In this photo illustration, an online prediction market site’s app is displayed on an electronic device on February 25, 2026 in Chicago, Illinois.
Scott Olson | Getty Images
States and the federal government may be fighting over who has the power to regulate prediction markets, but the companies building them are well on their way as platforms continue to experience significant growth.
The Commodity Futures Trading Commission and six U.S. states are in a lawsuit over jurisdiction to create regulations for event contracts. A total of 17 states are challenging companies with prediction markets, including Calci, Polymarket, Coinbase, and Robinhood, with one state moving to ban them entirely.

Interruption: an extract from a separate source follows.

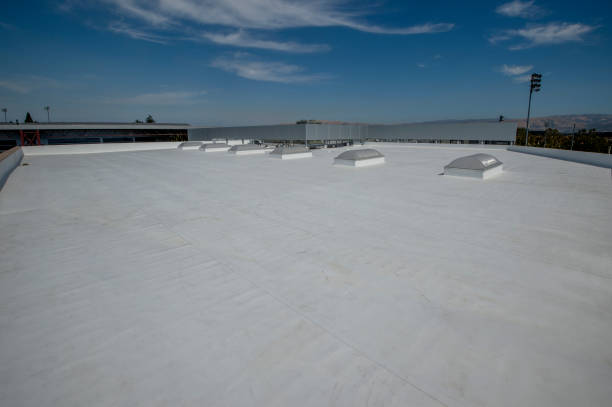 Cold Roofs in Limon, CO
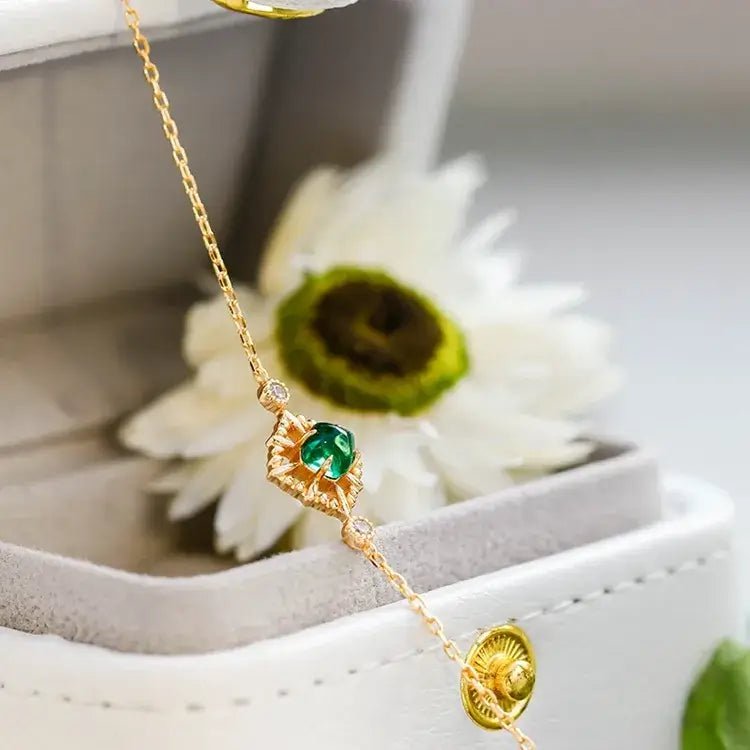 SEDNA - Golden Earth Jewellery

States have argued that they have the ability to regulate these platforms, arguing that the business of sports is tantamount to gambling. Sports event contracts account for the majority of trading volume in prediction markets. However, the CFTC argues that its right to regulate swaps and derivatives places all of these contracts under its jurisdiction.

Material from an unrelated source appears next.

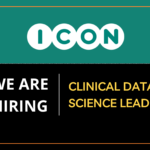 Clinical Data Science Lead at ICON plc, Chennai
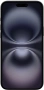 смартфон apple iphone 16 plus 128 гб, black (esim)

Congress is also coming up with its own plans. House Oversight and Government Reform Committee Chairman James Comer told CNBC’s “Squawk Box” on Friday that he is seeking information from Calci and Polymarket’s CEO about the company’s efforts to regulate insider trading.

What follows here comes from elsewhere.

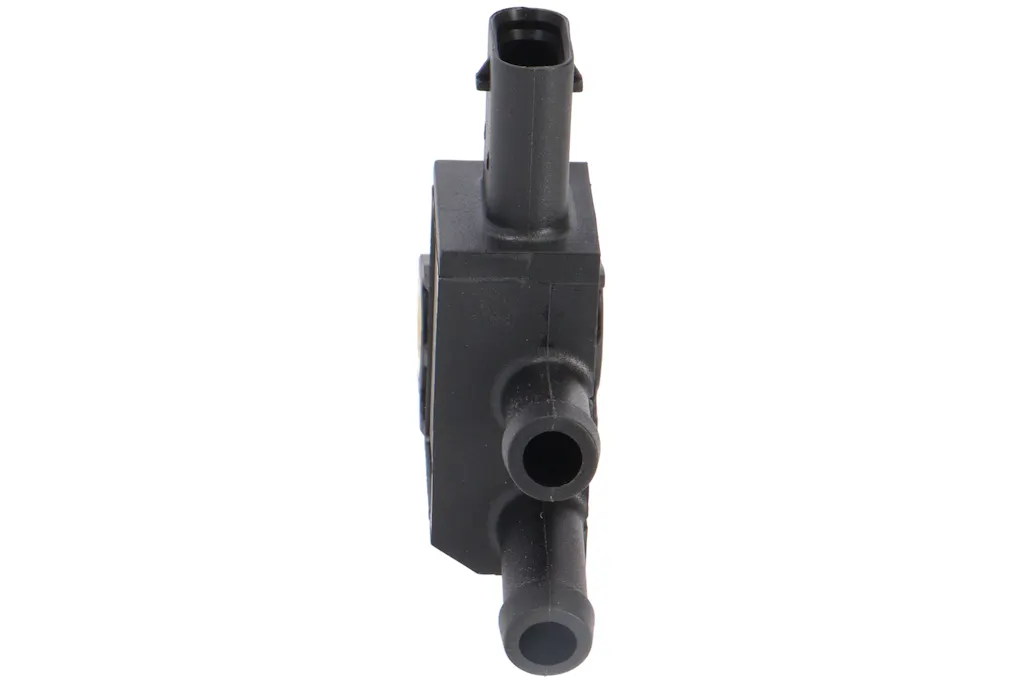 Sensor, dieselpartikkelfilter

However, based on private company management comments and private company evaluations, legal uncertainty does not hinder confidence in investing in the growth of these platforms.
“There’s a lot of noise around prediction markets that set legal positions,” Flutter Entertainment CEO Jeremy Peter Jackson said on an earnings call earlier this month. Flutter owns FanDuel Predicts. “Until we finally understand and understand what the Supreme Court has to say, I think we’re going to live with this uncertainty.”
Jackson said that despite the legal issues, the company will continue to invest in market making with third-party prediction market platforms, a new strategy it unveiled in its last earnings call.
People walk in front of a banner outside the New York Stock Exchange (NYSE) for the IPO of Flutter Entertainment, FanDuel’s parent company, on January 29, 2024 in New York City.
Spencer Pratt | Getty Images
DraftKings CEO Jason Robbins said on an earnings call in May that the company views its investment in its prediction market platform as a long-term investment.
“Obviously, there’s always the possibility that something changes, regulatory or otherwise, but assuming the environment remains consistent with what we’re seeing now, we expect to continue investing in 2027.”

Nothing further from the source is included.